There are a lot of shows at that moment that draw on comic book influences, Gotham is one of the more oblique references. Set in Batman’s city it tracks the progress of a young detective, Jim Gordon, who will, in the time of Batman be Commissioner Gordon. In keeping with this Batman is still a young Bruce Wayne, reeling from the death of his parents, Catwoman is a streetwise young thief and the Penguin is busy rising to the top of the criminal underworld. Gotham is not for children, but not particularly for reasons of gore. The central message is that anyone interacting with a city as corrupt as Gotham must, in part, allow themselves to cross moral boundaries to be effective. We see Gordon, a straight laced detective, continually forced to make decisions that take him away from traditional concepts of write and wrong. I enjoy the show because it’s not afraid to dirty up the main characters even if this means they become unlikeable from an audience point of view. A gritty visual style only adds more to the general feel of grime. More and more it becomes obvious that the only way in which Bruce Wayne could fight crime in a city this septic, is to assume the mantle of Batman. Gotham is grim and compelling and most of all unafraid to present characters as realistically human, unless of course they are mutated super villains.
1. Ray Donovan
Without doubt, Ray Donovan is the best show I have seen this year and indeed, the best show I have seen in a long time. The eponymous lead (not hero) is played by Liev Schreiber who is a Hollywood hard man, employed by agents and lawyers to get his hands dirty protecting their famous clients. This backdrop provides sufficient action for the real drama which stems from the various dysfunctional relationships within the Donovan family. The tension plays out through alcoholism, infidelity and teenage rebellion at a pace that never lets up.
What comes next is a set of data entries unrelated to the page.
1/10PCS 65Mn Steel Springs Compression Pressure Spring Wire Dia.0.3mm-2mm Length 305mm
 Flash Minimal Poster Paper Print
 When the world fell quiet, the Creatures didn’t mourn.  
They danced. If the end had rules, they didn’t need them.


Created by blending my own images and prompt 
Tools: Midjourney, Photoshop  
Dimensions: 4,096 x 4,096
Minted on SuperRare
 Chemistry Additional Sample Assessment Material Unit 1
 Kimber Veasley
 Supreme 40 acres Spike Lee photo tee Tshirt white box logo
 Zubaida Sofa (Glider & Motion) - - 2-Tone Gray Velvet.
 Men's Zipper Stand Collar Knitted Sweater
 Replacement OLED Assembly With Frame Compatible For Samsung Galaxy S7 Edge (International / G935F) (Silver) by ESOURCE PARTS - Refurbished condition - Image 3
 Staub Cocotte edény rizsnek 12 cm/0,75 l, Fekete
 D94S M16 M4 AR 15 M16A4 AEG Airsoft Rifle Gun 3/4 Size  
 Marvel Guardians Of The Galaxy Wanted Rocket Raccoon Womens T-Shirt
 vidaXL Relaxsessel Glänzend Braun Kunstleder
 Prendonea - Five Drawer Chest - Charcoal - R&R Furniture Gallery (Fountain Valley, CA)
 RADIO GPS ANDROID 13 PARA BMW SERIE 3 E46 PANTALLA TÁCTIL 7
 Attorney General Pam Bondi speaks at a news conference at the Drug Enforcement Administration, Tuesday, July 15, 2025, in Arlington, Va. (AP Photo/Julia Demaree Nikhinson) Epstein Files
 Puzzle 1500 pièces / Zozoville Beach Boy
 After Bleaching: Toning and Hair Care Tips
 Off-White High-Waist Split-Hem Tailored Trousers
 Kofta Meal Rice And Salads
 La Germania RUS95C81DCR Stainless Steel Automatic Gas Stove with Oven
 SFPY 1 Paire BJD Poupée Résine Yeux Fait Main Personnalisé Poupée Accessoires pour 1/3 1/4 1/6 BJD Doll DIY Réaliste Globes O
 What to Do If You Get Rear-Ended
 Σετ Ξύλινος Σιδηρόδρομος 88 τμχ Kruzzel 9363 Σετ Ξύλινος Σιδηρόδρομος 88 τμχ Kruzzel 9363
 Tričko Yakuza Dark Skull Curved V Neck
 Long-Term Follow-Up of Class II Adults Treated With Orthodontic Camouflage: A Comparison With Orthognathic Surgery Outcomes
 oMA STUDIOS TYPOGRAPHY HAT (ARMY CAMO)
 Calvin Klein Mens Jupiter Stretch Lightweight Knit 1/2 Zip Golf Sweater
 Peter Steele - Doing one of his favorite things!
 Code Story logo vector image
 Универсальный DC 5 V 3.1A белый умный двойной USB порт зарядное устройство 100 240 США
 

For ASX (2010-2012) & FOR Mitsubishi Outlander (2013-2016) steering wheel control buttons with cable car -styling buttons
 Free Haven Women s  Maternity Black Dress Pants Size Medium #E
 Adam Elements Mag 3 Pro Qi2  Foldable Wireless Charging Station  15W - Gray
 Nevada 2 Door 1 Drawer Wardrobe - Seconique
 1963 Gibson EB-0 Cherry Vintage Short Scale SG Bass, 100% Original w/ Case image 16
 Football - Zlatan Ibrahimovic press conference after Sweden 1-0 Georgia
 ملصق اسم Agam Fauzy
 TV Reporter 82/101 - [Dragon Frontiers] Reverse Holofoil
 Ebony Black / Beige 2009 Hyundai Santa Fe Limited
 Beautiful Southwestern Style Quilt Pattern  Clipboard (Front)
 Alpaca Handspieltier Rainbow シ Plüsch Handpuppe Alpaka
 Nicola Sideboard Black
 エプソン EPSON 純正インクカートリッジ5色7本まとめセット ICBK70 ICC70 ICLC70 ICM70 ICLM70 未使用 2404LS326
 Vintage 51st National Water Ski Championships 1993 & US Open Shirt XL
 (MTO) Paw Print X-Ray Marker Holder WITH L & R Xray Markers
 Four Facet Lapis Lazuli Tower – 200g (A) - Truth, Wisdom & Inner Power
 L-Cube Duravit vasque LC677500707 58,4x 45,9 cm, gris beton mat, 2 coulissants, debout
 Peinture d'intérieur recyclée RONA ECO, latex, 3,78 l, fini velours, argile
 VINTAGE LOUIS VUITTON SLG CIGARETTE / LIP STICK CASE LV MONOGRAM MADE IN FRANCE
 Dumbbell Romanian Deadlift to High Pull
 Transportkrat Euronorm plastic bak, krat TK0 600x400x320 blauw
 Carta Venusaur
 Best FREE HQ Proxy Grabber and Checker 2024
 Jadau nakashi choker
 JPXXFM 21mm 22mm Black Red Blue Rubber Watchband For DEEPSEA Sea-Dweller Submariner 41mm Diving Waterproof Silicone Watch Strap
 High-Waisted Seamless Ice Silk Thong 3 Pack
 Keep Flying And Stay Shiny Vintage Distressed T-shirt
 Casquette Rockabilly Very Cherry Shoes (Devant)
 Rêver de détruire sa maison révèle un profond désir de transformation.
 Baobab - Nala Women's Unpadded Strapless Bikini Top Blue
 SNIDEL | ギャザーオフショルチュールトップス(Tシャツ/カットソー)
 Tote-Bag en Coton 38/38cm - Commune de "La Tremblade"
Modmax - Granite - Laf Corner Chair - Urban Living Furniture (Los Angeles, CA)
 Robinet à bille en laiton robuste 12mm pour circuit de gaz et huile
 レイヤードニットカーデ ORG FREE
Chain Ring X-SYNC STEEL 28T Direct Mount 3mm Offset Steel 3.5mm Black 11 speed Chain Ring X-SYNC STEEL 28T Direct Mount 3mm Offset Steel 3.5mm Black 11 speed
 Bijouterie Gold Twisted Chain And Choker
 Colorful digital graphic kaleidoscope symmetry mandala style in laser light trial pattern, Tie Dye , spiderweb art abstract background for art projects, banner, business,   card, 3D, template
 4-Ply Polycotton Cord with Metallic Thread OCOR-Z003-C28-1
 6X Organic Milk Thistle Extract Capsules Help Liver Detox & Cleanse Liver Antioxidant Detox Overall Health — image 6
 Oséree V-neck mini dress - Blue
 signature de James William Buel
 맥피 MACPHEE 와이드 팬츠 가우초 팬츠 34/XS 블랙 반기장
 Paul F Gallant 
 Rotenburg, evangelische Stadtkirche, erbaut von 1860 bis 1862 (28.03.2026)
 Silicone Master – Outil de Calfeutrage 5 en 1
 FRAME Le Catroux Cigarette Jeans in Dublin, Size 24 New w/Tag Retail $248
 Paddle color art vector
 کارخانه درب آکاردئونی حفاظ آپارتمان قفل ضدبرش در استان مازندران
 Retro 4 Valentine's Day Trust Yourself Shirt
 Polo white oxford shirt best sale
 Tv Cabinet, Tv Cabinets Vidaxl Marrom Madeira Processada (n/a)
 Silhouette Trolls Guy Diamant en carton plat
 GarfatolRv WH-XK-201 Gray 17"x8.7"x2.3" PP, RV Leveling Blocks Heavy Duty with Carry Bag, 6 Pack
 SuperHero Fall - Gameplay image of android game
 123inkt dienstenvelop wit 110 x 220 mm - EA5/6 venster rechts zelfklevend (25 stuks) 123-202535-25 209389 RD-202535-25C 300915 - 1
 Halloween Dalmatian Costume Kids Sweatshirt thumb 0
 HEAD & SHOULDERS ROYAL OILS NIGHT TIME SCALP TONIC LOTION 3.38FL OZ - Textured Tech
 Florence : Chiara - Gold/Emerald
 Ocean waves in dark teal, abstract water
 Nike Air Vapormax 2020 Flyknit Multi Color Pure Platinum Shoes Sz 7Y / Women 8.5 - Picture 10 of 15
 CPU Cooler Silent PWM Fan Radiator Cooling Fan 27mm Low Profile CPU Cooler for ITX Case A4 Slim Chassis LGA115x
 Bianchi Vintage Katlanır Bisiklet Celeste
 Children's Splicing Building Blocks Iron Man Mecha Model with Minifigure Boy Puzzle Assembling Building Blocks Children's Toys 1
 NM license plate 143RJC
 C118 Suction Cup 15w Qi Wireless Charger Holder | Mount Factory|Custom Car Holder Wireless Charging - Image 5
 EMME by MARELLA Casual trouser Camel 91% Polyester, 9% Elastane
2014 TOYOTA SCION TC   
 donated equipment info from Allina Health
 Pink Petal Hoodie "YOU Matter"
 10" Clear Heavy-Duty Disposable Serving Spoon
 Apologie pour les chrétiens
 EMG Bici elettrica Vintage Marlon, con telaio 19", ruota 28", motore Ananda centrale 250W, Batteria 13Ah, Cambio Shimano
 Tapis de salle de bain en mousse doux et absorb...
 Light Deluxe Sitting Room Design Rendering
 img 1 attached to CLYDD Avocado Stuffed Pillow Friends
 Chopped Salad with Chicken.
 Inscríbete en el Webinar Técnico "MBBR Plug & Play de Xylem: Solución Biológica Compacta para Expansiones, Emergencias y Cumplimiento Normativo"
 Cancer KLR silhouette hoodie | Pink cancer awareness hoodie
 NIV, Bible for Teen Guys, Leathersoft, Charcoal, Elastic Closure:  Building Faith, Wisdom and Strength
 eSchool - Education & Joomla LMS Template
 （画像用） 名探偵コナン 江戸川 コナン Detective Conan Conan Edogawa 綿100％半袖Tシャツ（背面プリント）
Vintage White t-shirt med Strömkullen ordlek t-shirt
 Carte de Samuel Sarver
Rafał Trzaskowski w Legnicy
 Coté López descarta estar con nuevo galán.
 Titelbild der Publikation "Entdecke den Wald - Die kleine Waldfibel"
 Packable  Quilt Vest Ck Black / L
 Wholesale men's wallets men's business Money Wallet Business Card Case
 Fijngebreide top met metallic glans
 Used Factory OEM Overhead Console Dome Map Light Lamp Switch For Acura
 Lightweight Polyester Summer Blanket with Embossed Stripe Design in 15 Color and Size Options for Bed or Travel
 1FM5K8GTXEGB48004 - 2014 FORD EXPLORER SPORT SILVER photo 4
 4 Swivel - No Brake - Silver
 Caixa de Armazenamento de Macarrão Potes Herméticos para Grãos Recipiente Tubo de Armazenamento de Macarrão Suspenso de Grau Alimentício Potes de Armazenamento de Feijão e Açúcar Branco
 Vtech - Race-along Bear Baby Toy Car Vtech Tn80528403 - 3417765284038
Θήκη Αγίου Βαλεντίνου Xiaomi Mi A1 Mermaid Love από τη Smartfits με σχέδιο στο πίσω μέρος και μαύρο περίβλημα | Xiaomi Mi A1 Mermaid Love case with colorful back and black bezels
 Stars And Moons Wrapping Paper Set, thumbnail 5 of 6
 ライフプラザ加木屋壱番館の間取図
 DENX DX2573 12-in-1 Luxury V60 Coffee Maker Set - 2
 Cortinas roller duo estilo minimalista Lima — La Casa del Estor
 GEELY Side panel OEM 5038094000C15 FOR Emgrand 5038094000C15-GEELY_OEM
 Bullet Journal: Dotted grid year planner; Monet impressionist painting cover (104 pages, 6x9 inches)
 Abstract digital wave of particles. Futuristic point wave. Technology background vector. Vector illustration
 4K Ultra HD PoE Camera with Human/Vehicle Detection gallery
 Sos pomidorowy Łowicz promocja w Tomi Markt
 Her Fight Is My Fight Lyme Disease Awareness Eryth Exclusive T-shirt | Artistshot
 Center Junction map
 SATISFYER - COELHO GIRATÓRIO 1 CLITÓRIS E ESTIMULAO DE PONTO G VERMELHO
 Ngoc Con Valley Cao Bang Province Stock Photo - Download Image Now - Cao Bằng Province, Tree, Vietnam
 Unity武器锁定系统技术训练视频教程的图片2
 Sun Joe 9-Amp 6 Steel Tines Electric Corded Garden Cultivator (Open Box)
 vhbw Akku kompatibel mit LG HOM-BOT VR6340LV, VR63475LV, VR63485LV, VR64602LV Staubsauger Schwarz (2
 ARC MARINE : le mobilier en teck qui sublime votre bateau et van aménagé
If it only starred Liev Schrieber and Paula Malcolmson (who plays his long suffering wife) it would be merely good. Adding to this a flawless supporting cast which elevates it to great and Jon Voight, in the best performance I have seen him give to date, takes it to the heady heights that only the Sopranos and Breaking Bad have ever managed to hit. The fact that Ray Donovan hits this show after show is testament to how right it gets every single aspect. A scene where Voight attends a survivors group meeting with his youngest son stays with me as one of the best scenes I have ever seen in a television programme. The sense of a man utterly incapable of accepting and dealing with the experiences of his son is palpable as he veers between off colour jokes and snarled disinterest. Ray Donovan is the best TV show I have seen for a very long time, certainly better than Breaking Bad, certainly as good as the Sopranos. Whether it has the legs of David Chase’s Magnum Opus I don’t know but I am looking forward to finding out.